Synopsis: The second season of Yuru Camp sees the Outdoor Club grow a little larger and experience a little bit more of that outdoor living as they grow closer and closer to one another.
Some of the better sequels out there build on what the original property did well. The second season of Yuru Camp does this in only the most incremental of ways, with a plot so paper-thin as to almost be non-existent in what is the epitome of the Cute Girls Doing Cute Things anime sub-genre. And yet, somehow – and I say this with confidence – Yuru Camp Second Season is among my favourite shows in this already-packed season.
There’s a lot less to build up to and to set down in the second season of Yuru Camp. The first season does a fantastic job introducing us to the main cast and establishing their roles in their little camping group and the relationships they have with one another. Chiaki is the comedic relief; Aoi, the calm, collected, rather conniving one while Ena, the most normal person in the group, plays the straight-man normal with her plain, untinted observations. Protagonist Rin is the loner camping expert through whom we see the story unfold and the cast grow together, while Nadeshiko, always positive, is the driving force that propels the story forward as she falls in love with the great outdoors and the precious friends she keeps around her.
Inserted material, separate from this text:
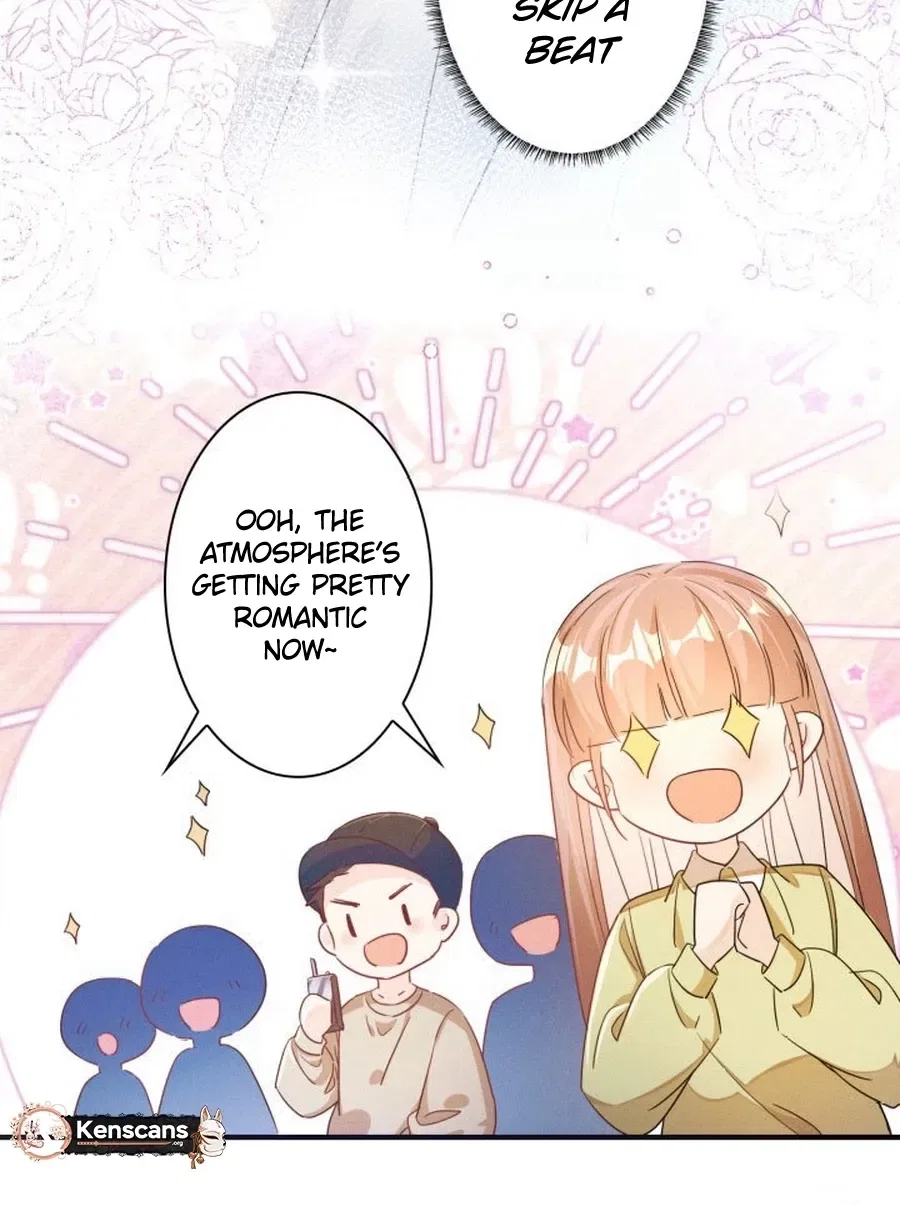 That Summer’s Promise Once Again Chapter 4 – Page 30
These dynamics haven’t changed at all, coming into the second season. We see more of characters like club advisor Minami and Aoi’s little sister Akari, but at the end of the day, this show is about the five girls of the outdoor club and the fun they have together.
As far as storytelling is concerned, Yuru Camp Second Season is a meandering stream, a camping expedition with random side-trips and locations posted along the way. The season is fairly episodic just like the first, though episode are lumped into, shall we say, “arcs” as the girls embark on camping trips that carry their own fun moments, learning experiences and moments for them to grow closer to one another. We’re treated to a little more backstory to our main cast and the motivations that drive them but other than that, it’s the same, familiar anime as it was back in 2018, with the same relaxing vibe and the same comforting acoustic guitar soundtrack. While the animation is largely the same, there’s the occasional moment of beautifully subtle sakuga, where the camera pans out to reveal some truly breathtaking sights. A shot from the OP that pulls out from Rin’s moped and through Toba-sensei’s car before panning above the Izu Peninsula encapsulates the heights that this seasons’ animation arrives at.
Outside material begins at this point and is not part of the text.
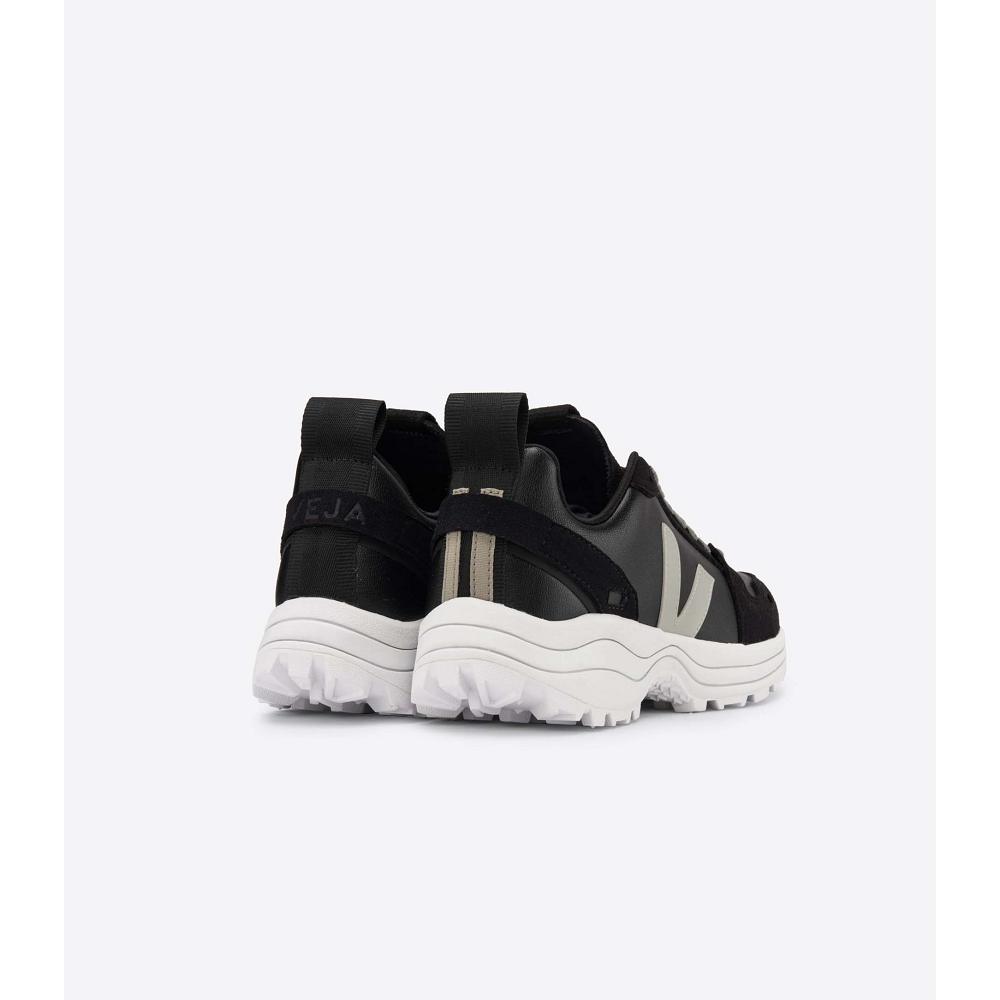 Veja HIKING STYLE CWL RICK OWENS Schoenen Heren Zwart | BE 234DFM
What’s really powerful, though, about Yuru Camp Second Season is the little character moments it treats us to amid the listless wanderings across rural Japan. During Nadeshiko’s very first solo camping trip, for example, we see a restless Rin as she worries for her friends’ safety after she fails to reply to any of her texts, going so far as to shadow her on her trip. Nadeshiko returns this in the final episode, meeting Rin along a dark mountain road after she opts to travel separately back from the Izu Peninsula. In the first few episodes we see our main girls race to catch the first sunrise of the new year, Rin alone on a distant beach while the others watch from a mountaintop near Mount Fuji; towards the end of the season they’re watching the sunrise together. We see Nadeshiko, alone at a campsite in Fujinomiya, reflecting on the value of loneliness as she watches the night lights of the city down below; later she’s back in her hometown, telling an old friend about the experiences she’s had and the friends she’s made and this newfound love for camping she now has. In these soft moments, Yuru Camp drops the antics. There is no fanfare or swelling music, no mistimed over-the-top comedy to ruin an otherwise beautiful moment – rather, the show lets us be together with the characters, sharing these moments as we see how far they’ve come inside – and how much closer they are to one another, too.
I really do think this is the peak of what the Cute Girls Doing Cute Things subgenre has to offer. It’s popcorn-flick, sure, and it doesn’t challenge us or pick at our brains or invigorate us with blood-pumping energy. It’s what you watch at the end of the day to unwind and relax – and that’s okay, we need that. But more than that, in letting us spend tender moments with the girls of the Outdoor Camp, this show lets us pause as well – catch our breath, enjoy these very beautifully-animated vistas – and sink into this journey we’ve taken with them.
I may have a slight bias to shows like this. I’m an outdoorsy person myself, and I totally get the value of just being outside with people you love, because it’s something I myself have experienced before. I can’t say what effect this show will have on those who live more indoor lifestyles, but I can say this – give Yuru Camp a shot. Watch right on through to the second season. Pace it, slowly, one episode a day maybe, when you’re tired from work and you need something to sink quietly into. I promise you’ll have a good time.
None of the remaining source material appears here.